My name is Sophia Smith and I’m the course leader for the Eduqas Level 3 Award in Criminology. We’re very much looking forward to welcoming you to the department in person at the start of the academic year. In the meantime, we’d like you to do some research into the subject by completing a series of tasks and activities.
Criminology will be a new subject for most of you, so it’s important you know what to expect when you start. We’ve put together some tasks and activities for you to carry out on your own, and then when we meet together in September, we can share what you’ve discovered.
All the tasks should be completed by Choices Day on 25 August. Please throw yourself into them and above all enjoy them!
The tasks will be released here in three phases:
Explore your Subject – 4 May
Crime and Punishment
One of the units we study in Criminology is ‘Crime and Punishment.’ A key theme of this is understanding how the criminal justice system works and how punishment is effective. This activity challenges you to be the judge!
Task 1: Use the following link to pick a case and make your own judgement. Consider the different factors that might influence your decision as to whether this person is guilty or not.
Write a paragraph explaining the judgement you made and how you reached your decision.
Task 2: One real life case study we examine as part of the course is the Jeremy Bamber case. Using the skills you’ve just practised, navigate your way round the following site and come to a judgement. Should Jeremy have been convicted or acquitted of this crime? Explain your reasoning.

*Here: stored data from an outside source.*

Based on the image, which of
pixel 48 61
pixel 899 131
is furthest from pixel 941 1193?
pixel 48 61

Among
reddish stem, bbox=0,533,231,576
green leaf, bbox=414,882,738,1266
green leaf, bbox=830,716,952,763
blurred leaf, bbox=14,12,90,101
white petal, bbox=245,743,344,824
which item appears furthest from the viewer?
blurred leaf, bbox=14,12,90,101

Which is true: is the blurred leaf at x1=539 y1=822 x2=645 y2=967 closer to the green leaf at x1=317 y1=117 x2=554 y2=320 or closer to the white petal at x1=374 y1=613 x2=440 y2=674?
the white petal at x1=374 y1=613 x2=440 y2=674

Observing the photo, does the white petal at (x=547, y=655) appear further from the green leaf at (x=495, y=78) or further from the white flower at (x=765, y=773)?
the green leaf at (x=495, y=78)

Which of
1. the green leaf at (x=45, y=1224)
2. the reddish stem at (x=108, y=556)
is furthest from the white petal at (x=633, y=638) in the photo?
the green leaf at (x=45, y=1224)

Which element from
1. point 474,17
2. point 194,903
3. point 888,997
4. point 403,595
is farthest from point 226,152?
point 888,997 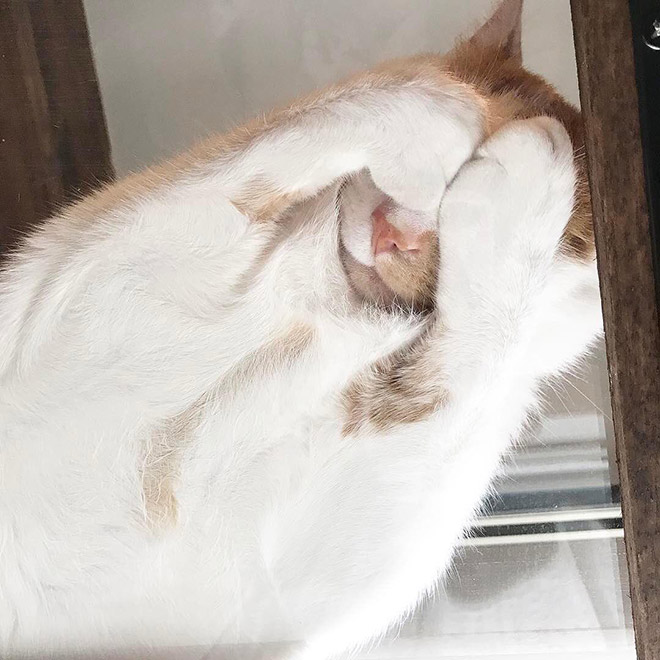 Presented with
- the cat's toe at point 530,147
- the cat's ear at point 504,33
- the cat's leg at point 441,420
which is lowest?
the cat's leg at point 441,420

Task 3: Criminology requires good research skills. This often involves using statistics to illustrate the changing trends in criminality and the effectiveness of prison as punishment in the UK. Use the following fact file to research last year’s UK statistics.
Now use the fact file to answer the following questions (using specific stats to back up your answers):
Is there anything you find surprising?
Do you think prison is an effective form of punishment based on these statistics?
Are there gender differences in criminality?
Do prisons provide enough support for offenders?
Do you think prisoners should have the right to be provided with support?
Task 4: Criminologists are interested in trying to explain why certain individuals commit crime. One psychological theory is based on Eysenck’s research into personality. Have a go at completing the online questionnaire. At the end this will give you a percentage for each personality type. http://similarminds.com/eysenck.html
Remember there are lots of limitations of carrying out online questionnaires such as this so don’t take the results too literally!
Task 5: Once you have completed this, do some research and find out what combination of personality types are suggested to be linked to criminal behaviour. Make notes on your findings.
These tasks will have introduced you to some of the key areas in the study of Criminology. You’ll need to return to this page on 1 June to complete your next activities.
You should complete this section of tasks by 1 June.
Get Going – 1 June
You should aim to complete this section of
tasks by 1 July.
Real life case studies
the four units of the Criminology course, you’ll become familiar with a number
of real case studies that illustrate both a range of different criminal
behaviours and also how the criminal justice system works.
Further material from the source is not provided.